Overview of HDFS Snapshots
- Snapshots are data backup for protection against user errors and disaster recovery.
- Snapshots can be taken on a sub-tree of the file system or the entire file system.
- Snapshots allow administrators to create point-in-time backups of directories or the entire file-system without actually cloning the data.
- Snapshots appear on the file-system as read-only directories that can be accessed just like other ordinary directories.
- Blocks in DataNodes are not copied: the snapshot files record the block list and the file size. There is no data copying.
- Administrators can create snapshots using Cloudera Manager or by using the command line.
- Snapshots can be taken on any directory once the directory has been set as snapshottable.
- A snapshottable directory is able to accommodate 65,536 simultaneous snapshots.
- There is no limit on the number of snapshottable directories.
- Administrators may set any directory to be snapshottable.
- If there are snapshots in a snapshottable directory, the directory can be neither deleted nor renamed before all the snapshots are deleted.
- Nested snapshottable directories are currently not allowed.
Example of Snapshottable Directory
For a snapshottable directory, the path component “.snapshot” is used for accessing its snapshots.
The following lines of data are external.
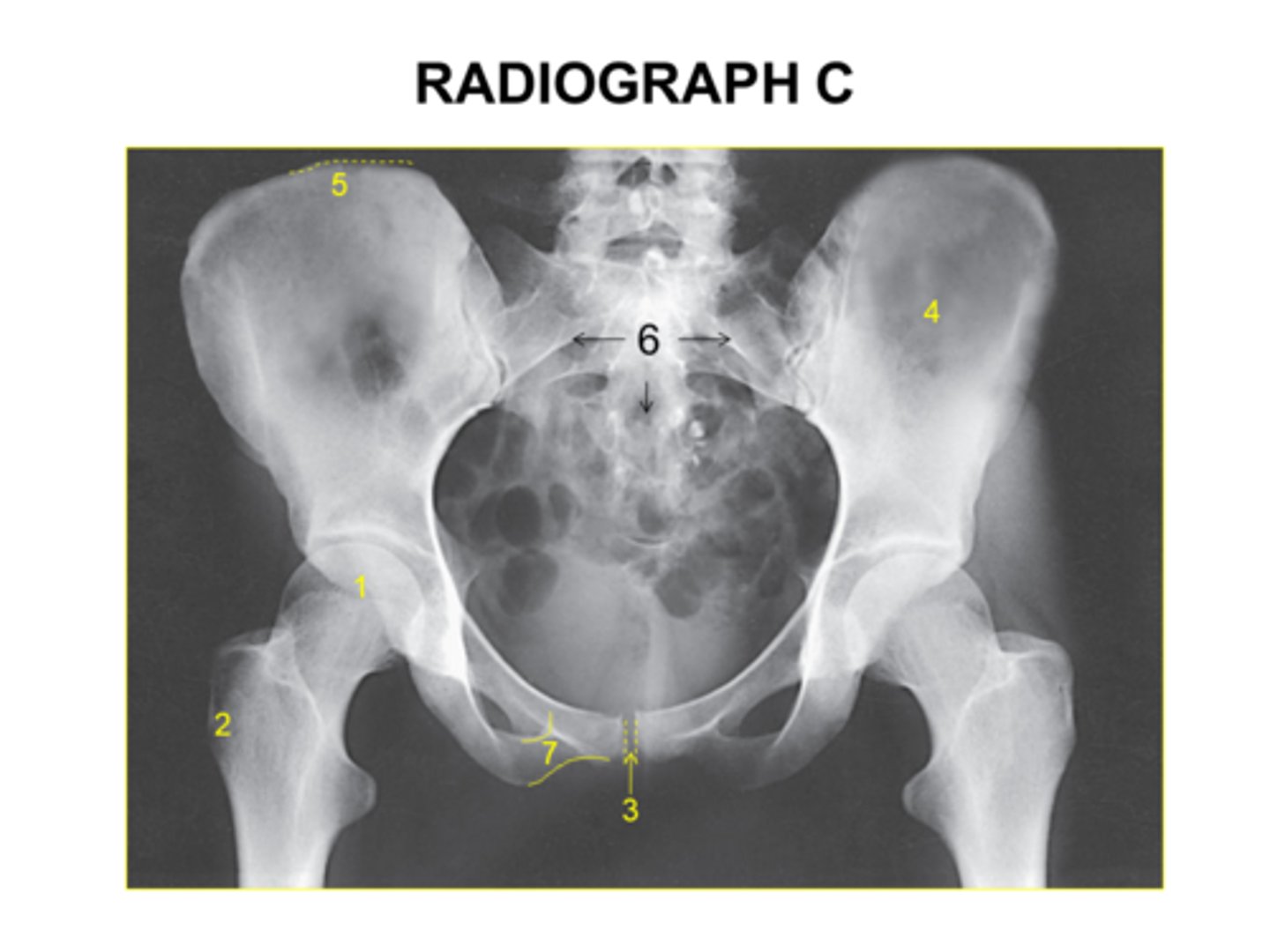 <p>Identify the anatomy marked with #7:</p><p>Pubic symphysis</p><p>Ischial tuberosity</p><p>Pubic bone</p><p>ilium</p>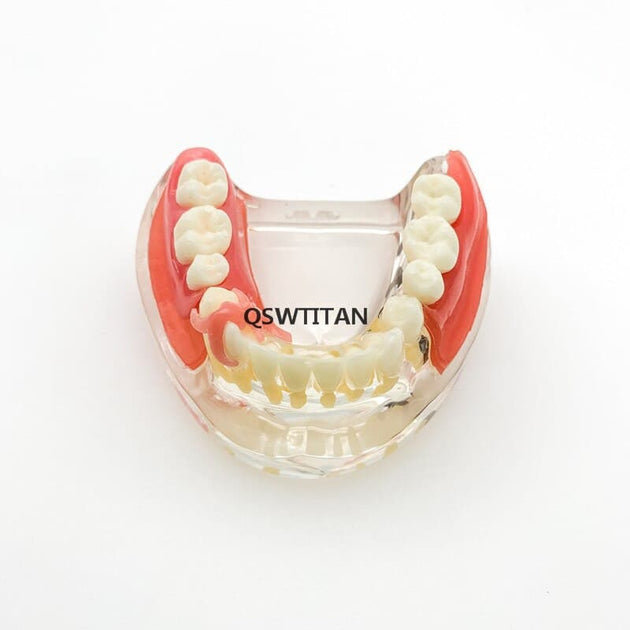 modelo didáctico implantes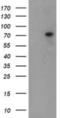 Tigger Transposable Element Derived 1 antibody, NBP2-03877, Novus Biologicals, Western Blot image 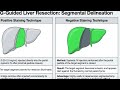 ICG IN SURGICAL PRACTICE 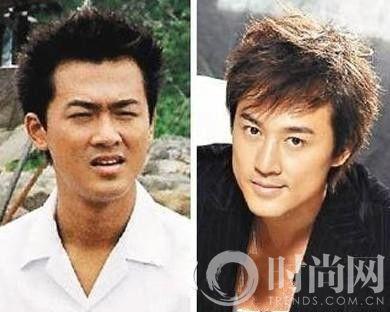 众男星整容秘史 罗志祥郭敬明超疯狂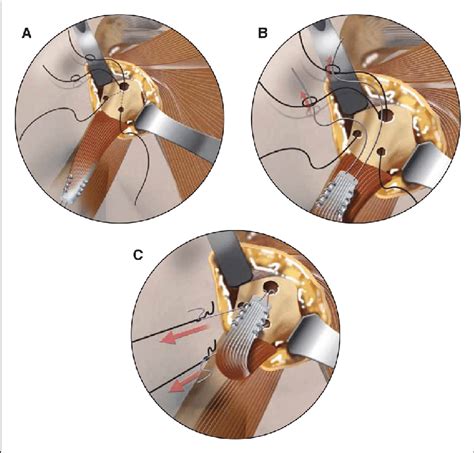 Illustrations showing the shuttling technique of the PDS suture loop... | Download Scientific ...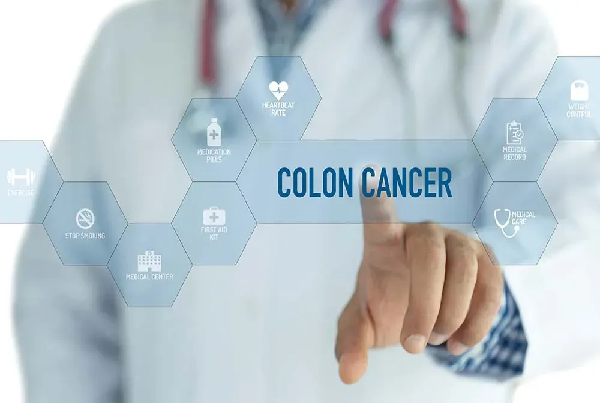 Colon Cancer Surgery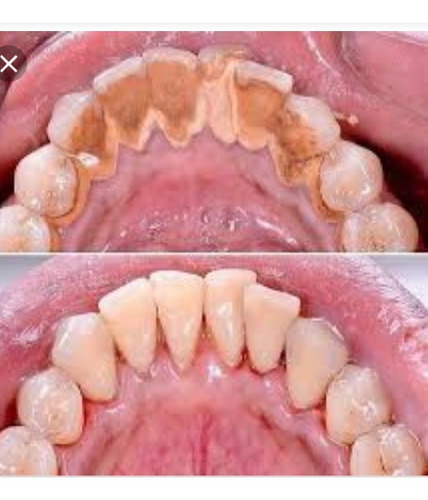 Imagen 3 de 5 de Dentista-odontólogo/limpieza De Sarro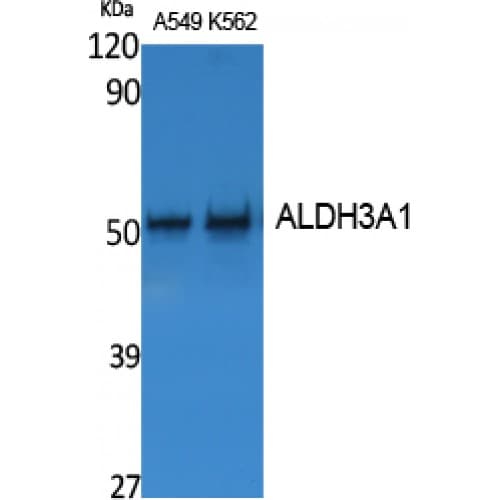 Polyclonal Rabbit anti-Human ALDH3A1 Antibody (Internal, WB)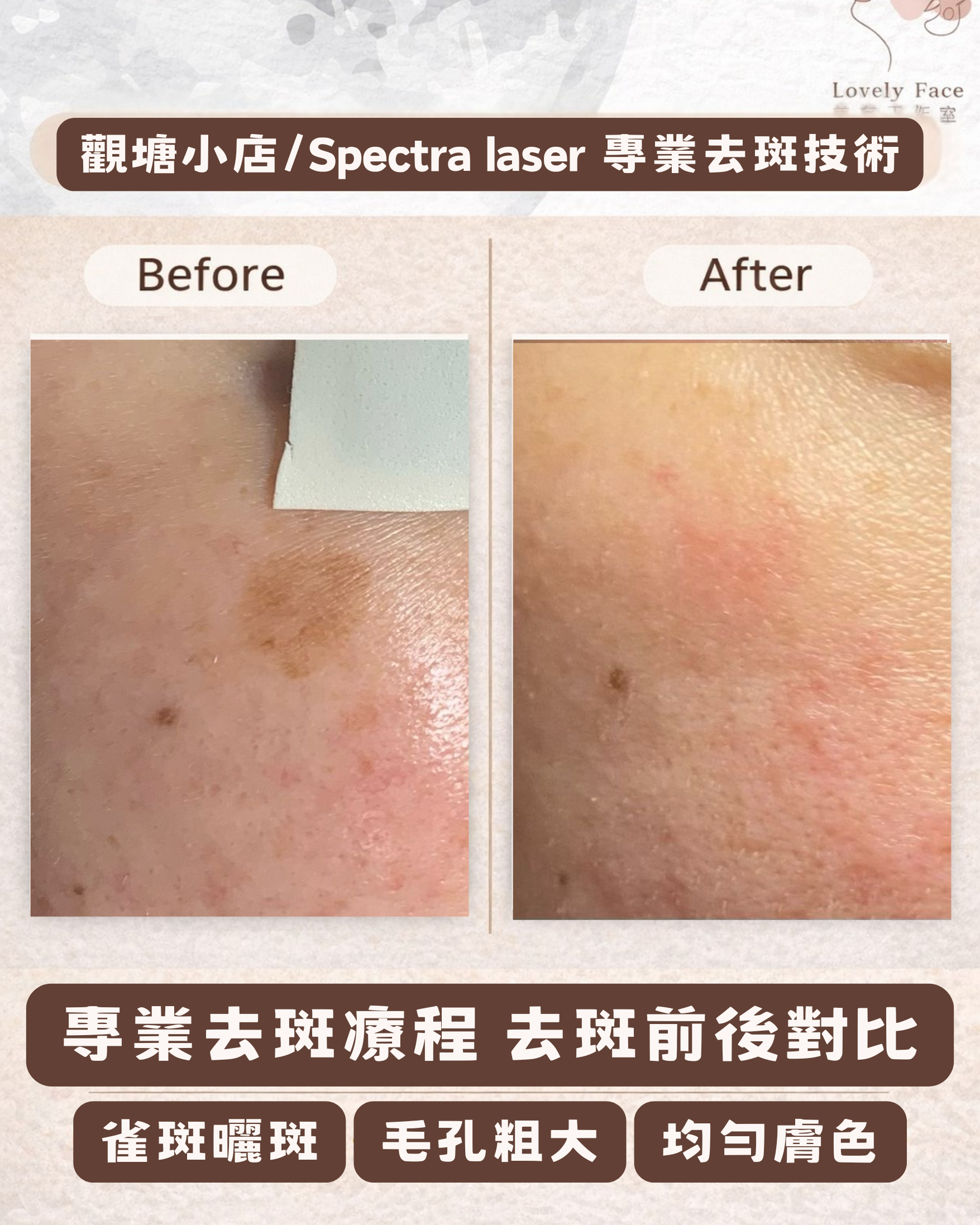 色斑改善前後對比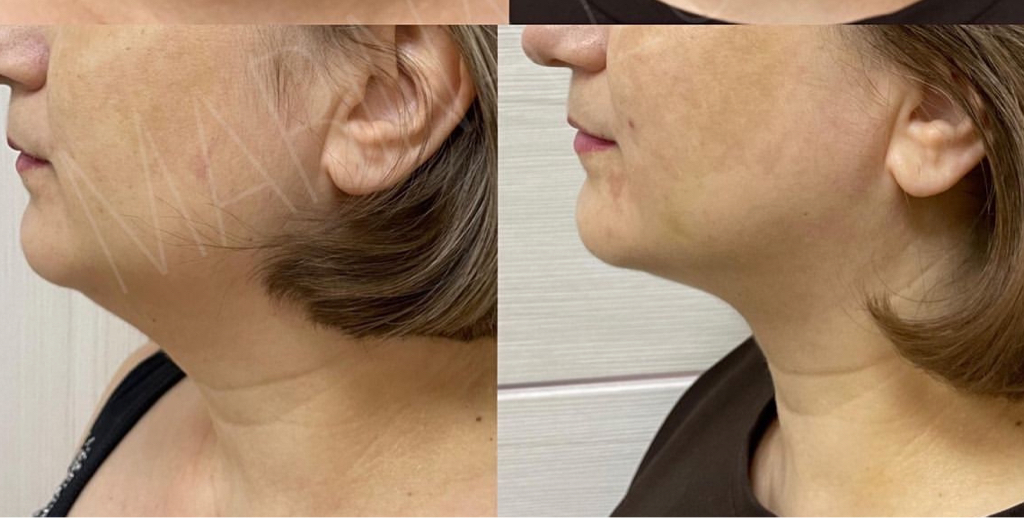 Липолитик для лица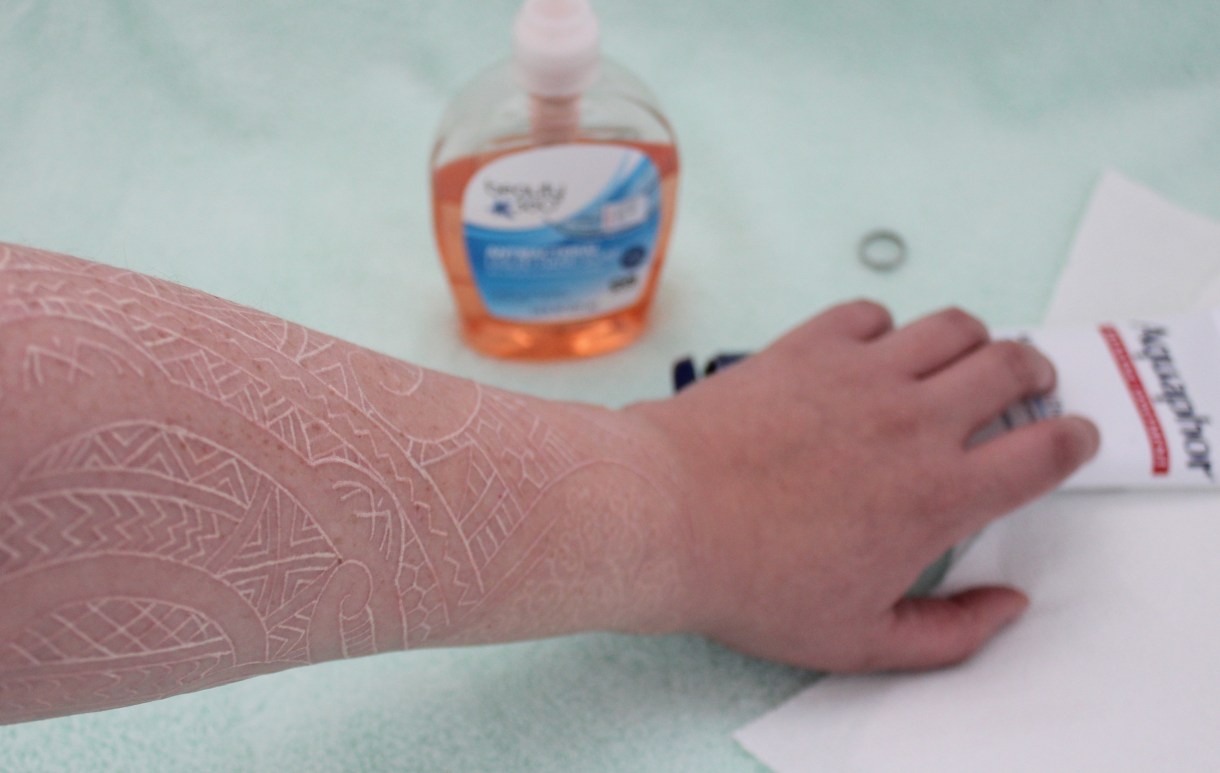 a tattooed arm reaching for aquaphor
Suppose if:
- /foo is a snapshottable directory
- /foo/bar is a file/directory in /foo
- /foo has a snapshot s0
Then, the snapshot copy of /foo/bar is /foo/.snapshot/s0/bar.
- Enabling and Disabling HDFS Snapshots # Designate HDFS directories to be “snapshottable” so snapshots can be created for those directories.
- Taking Snapshots # Initiate immediate (unscheduled) snapshots of a table.
- Deleting Snapshots # Delete a saved snapshot.
- Restoring Snapshots # Restore an HDFS directory or file from a saved snapshot or create a new directory or file using “Restore As”.
- Viewing Snapshots # View the list of saved snapshots currently being maintained.
Managing HDFS Snapshots using Cloudera Manager
- Available for Cloudera Manager Enterprise version only (CDH 5)
- For HDFS service, use the File Browser tab to view the HDFS directories associated with your cluster.
- Each directory in the File browser has a drop-down menu next to the full file path.
- The menu has multiple options for snapshot operations.